Example 4. (i) E and F enter into a long-term agreement for a 6-year lease of personal property beginning on January 1, 2000, and ending on December 31, 2005. The rental agreement provides that the rent allocated to the calendar years in the lease term and paid at successive six-month intervals (on June 30 and December 31) during the lease term is the sum of the interest on the lessor's indebtedness, in the amount of $4,637,577, and an amount determined in accordance with the following schedule:

YearAmount
2000$539,574
2001583,603
2002631,225
2003886,733
2004959,090
20051,037,352
(ii) Assume further that the lessor's indebtedness bears interest at the rate of 2 percent in excess of the 6-month London Interbank Offered Rate (LIBOR) in effect on the first day of the 6-month period for each rental period and that, on the agreement date, the interest rate under this formula would be 8 percent. If the interest rate remained fixed during the entire lease term, the formula for determining the rent payable by the lessee would result in payments of rent in the amount of $450,000 for each six-month period in 2000, 2001, and 2002, and $550,000 for each six-month period in 2003, 2004, and 2005.

(iii) Under paragraph (c)(4)(iii)(E) of this section, the fixed rate substitute for the variable interest rate provision produces a schedule of fixed rents that meets the uneven rent test of paragraph (c)(4)(i) of this section. Thus, even if the actual rents payable under the rental agreement do not meet the uneven rent test because of fluctuations in the 6-month LIBOR, the uneven rent test will be treated as having been met, and the long-term agreement will not be treated as disqualified.

Example 5. (i) G and H enter into a long-term agreement for a 5-year lease of personal property beginning on January 1, 2000, and ending on December 31, 2004. The rental agreement provides that the rent is payable to G at the rate of $40,000 per month in arrears, subject to an adjustment based on changes in prevailing interest rates during the lease term. Under this adjustment, the lessor is entitled to receive an amount equal to the sum of a specified dollar amount, which increases each month as payments of rent are made, and interest on a notional principal amount (as defined in §1.446-3(c)(3)) at a qualified floating rate (as defined in §1.1275-5(b)). The notional principal amount is initially established at 80 percent of the cost of the property. As each payment of rent is made, the notional principal amount is reduced (but not below zero) to an amount that would represent the outstanding principal balance of a loan the payments on which are equal to the monthly payments of rent. As of the agreement date, the value of the qualified floating rate is 9 percent.
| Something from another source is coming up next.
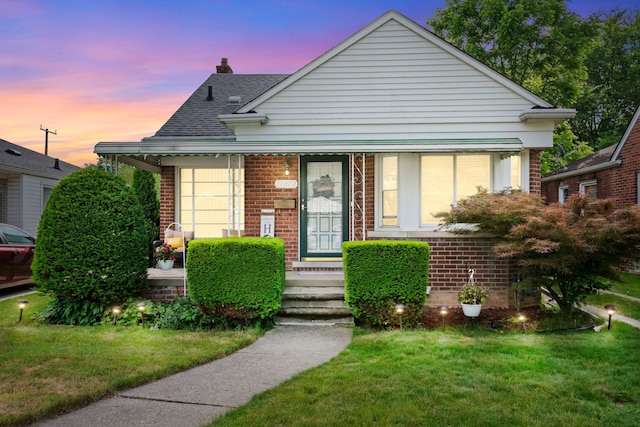 11372 Riverdale Ave, Redford, MI 48239 - bungalow featuring brick siding, a front yard, a chimney, and a shingled roof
Although G did not incur indebtedness specifically for the purpose of acquiring the property, the parties agreed to the adjustment provisions in order to compensate G for its general costs of borrowing.

(ii) The adjustment provision produces a schedule of rent payments that is virtually identical to the schedule that would have resulted if G had actually borrowed money in an amount and on terms identical to the terms used in determining interest on the notional principal amount and the adjustment were based on that indebtedness. An adjustment based on actual indebtedness of the lessor would have been a variable interest rate provision eligible for a safe harbor under paragraph (c)(3)(ii)(A) of this section. Accordingly, based on all the facts and circumstances, the adjustment provision did not have as one of its principal purposes the avoidance of Federal income tax, and thus the long-term agreement will not be treated as disqualified.
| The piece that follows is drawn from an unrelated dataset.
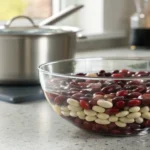 A glass bowl of kidney, black, and white beans soaking in clear water on a modern kitchen counter with a stainless steel pot in the background and natural light streaming through a window.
Example 6. (i) X and Y enter into a leaseback for a 5-year lease of personal property beginning on January 1, 1998, and ending on December 31, 2002. The rental agreement provides that $0 of rent is allocated to years 1998, 1999, and 2000, and that rent of $17,500,000 is allocated to years 2001 and 2002. The rental agreement provides that the rent allocated to each year is payable on December 31 of that year. Assume all rental periods are the calendar year. Assume also that 110 percent of the applicable Federal rate based on annual compounding is 12 percent.
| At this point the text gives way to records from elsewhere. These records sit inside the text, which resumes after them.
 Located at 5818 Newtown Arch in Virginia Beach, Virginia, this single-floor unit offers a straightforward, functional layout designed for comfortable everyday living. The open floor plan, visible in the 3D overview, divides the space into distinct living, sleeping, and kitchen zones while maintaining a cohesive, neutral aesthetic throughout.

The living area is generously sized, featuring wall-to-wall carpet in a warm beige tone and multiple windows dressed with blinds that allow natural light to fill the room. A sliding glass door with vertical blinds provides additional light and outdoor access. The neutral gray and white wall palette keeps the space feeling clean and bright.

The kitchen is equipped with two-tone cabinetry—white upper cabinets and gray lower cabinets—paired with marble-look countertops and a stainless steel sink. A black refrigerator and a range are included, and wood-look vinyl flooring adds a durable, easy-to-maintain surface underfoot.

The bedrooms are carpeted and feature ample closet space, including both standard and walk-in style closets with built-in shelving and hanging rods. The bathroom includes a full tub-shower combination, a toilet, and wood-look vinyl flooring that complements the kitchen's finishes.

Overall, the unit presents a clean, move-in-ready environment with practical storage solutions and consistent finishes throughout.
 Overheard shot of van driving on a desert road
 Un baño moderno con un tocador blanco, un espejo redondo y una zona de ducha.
(ii)(A) If the Commissioner determines that the leaseback is disqualified, the constant rental amount is computed as follows:

(B) Step 1 in calculating the constant rental amount is to determine the present value of the two payments due under the rental agreement as follows:

eCFR graphic er18my99.003.gif

View or download PDF

(iii) Because no amounts of rent are payable before the lease term, Step 2 in calculating the constant rental amount is to determine the present value as of the first day of the lease term of $1 to be received at the end of each rental period during the lease term. This results in a present value of $3.6047762. In Step 3 the amount determined in Step 1 is divided by the number of dollars determined in Step 2. Thus, the constant rental amount is $5,839,901 for each calendar year during the lease term computed as follows:

eCFR graphic er18my99.004.gif

View or download PDF

[T.D. 8820, 64 FR 26860, May 18, 1999, as amended by T.D. 8917, 66 FR 1040, Jan. 5, 2001]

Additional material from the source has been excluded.